Everything you need to know about RiWord

There are very few things more disruptive to actual thinking than having to stop and type. You're mid-thought, you know what you want to say, and then you have to route that through your fingers — find the window, click into it, type it out, fix the autocorrect mistakes, hit send. By which point you've lost the thread. It happens dozens of times a day and most people have just accepted it as a normal part of working on a computer.

RiWord exists because it doesn't have to be like that. It sits quietly in your system tray and it's always on, always ready. You just say something, and it acts.

How it actually works

You say "Hey RiWord" and you're live. Then it splits into two tracks, and which one you use depends entirely on what you want to do.

If you're composing — a reply to an email, a response in a chat, a note, anything that's going to end up as words on a screen somewhere — you're in message mode. You say what you want to say, and at the end you either say where it's going or tell it to send it. That's the whole thing.

If you want to do something — search for something, open an app, navigate to a website — you're in action mode. You say the command, it carries it out.

The keyboard shortcut works as a faster entry point if you prefer. Both paths exist, both always work.

Sending your words where they need to go

This is the part that's genuinely different. When you finish dictating, you don't have to do anything fiddly to get your words into the right place. You just say where they're going.

You could end a message with "...and send that to Gmail" and RiWord will find your Gmail tab — even if it's sitting behind four other browser tabs — switch to it, and paste the text in. Or you might end with "...Antigravity" and it routes to the Antigravity window. Or "...Notepad." The name doesn't have to be precise. RiWord works out what you mean.

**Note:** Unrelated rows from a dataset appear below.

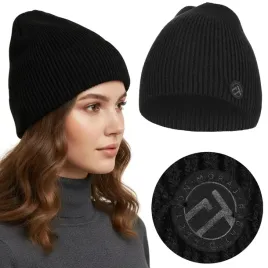 modna-czapka-damska-w-prazki-ciepla-beanie-z-naszywka-moraj
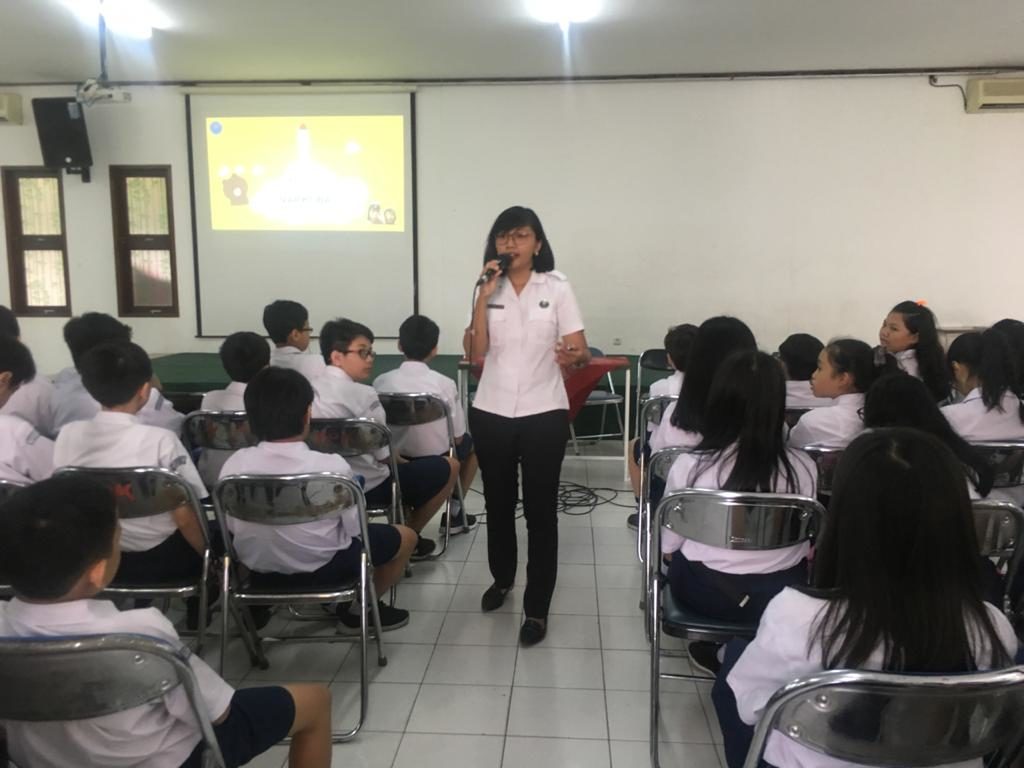 Jalin kerjasama yang baik, BNN Kota Bandung kerap kunjungi Sekolah Kristen Yahya Jalin kerjasama yang baik, BNN Kota Bandung kerap kunjungi Sekolah Kristen Yahya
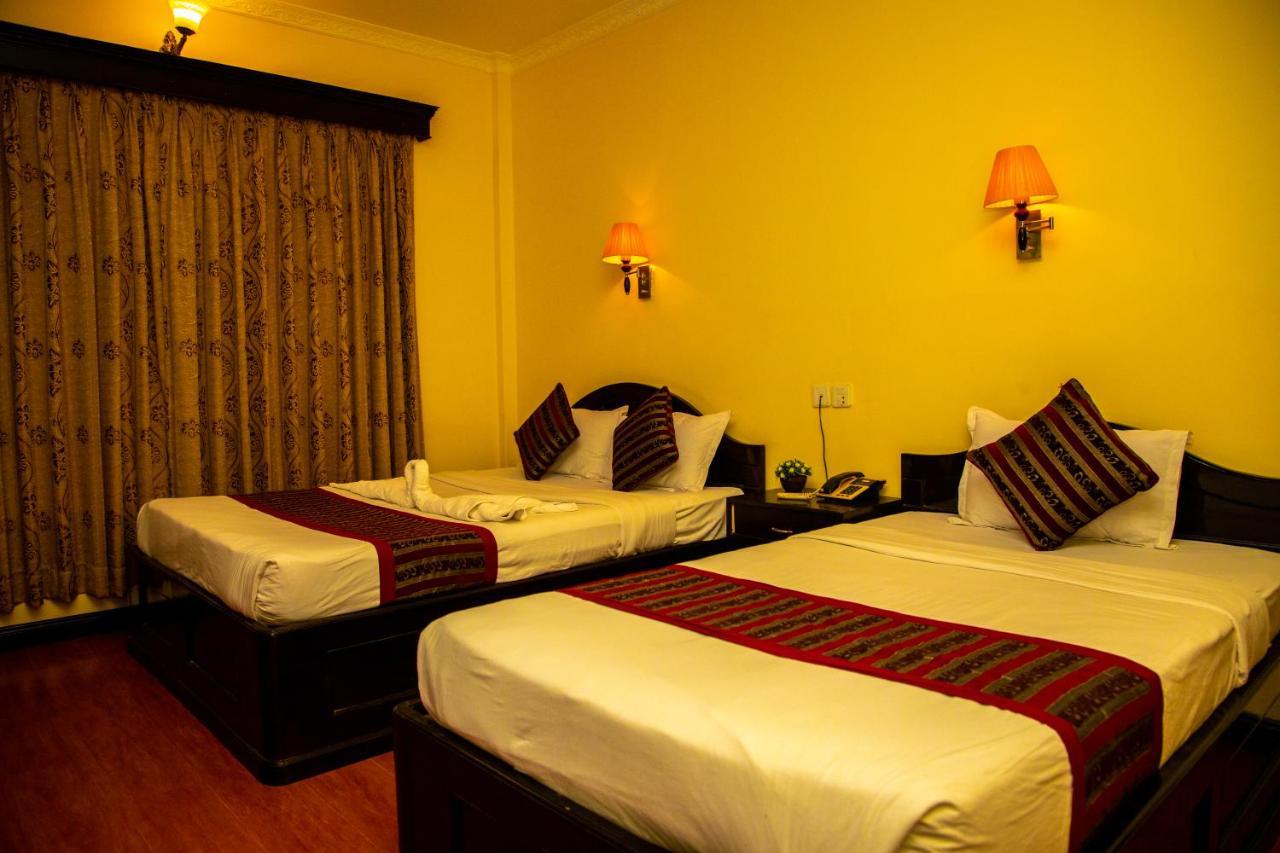 Hotel Bougainvillea Pokhara Kültér fotó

What makes this actually fast is that the routing isn't happening while you type — it's happening while you speak. The moment you say "message," RiWord starts quietly building a map of everything available on your machine: every open window, every app pinned to your taskbar, every shortcut on your desktop. By the time you finish your sentence, the map is already built. Routing to your destination is then just a dictionary lookup — instant.

If an app isn't open, RiWord launches it. If a website isn't open, it opens in the browser bubble (more on that below). If it genuinely can't find where you're trying to send something, it tells you out loud rather than silently putting your text in the wrong place.

Voice commands that actually do things

In action mode, you're not typing — you're instructing. You can open any website or app, search any platform, or navigate to a specific page, all by talking naturally.

It understands that "check the Met Office for weather in Bristol" and "search Google for dog leads" are the same kind of request structured differently. You don't need to find the exact phrasing. "Look up YouTube for that song" and "find YouTube for that song" will both work. For well-known sites — Google, YouTube, Amazon, BBC, Wikipedia, and others — RiWord goes straight to the right URL rather than guessing.

The built-in routines are for things you do repeatedly. If you find yourself saying the same phrase over and over to kick off the same action, you can save it as a routine. RiWord checks for an exact match on your saved routines before it does anything else, so the response is instant — no AI involved, no network call, just immediate action.

The browser bubble

When RiWord opens a website, it doesn't send you flying off into your system browser and losing your context. It opens a floating browser window — what we call the browser bubble — that sits above your other windows. It's styled to match RiWord's dark interface, it has its own navigation buttons, and you can resize it however you like.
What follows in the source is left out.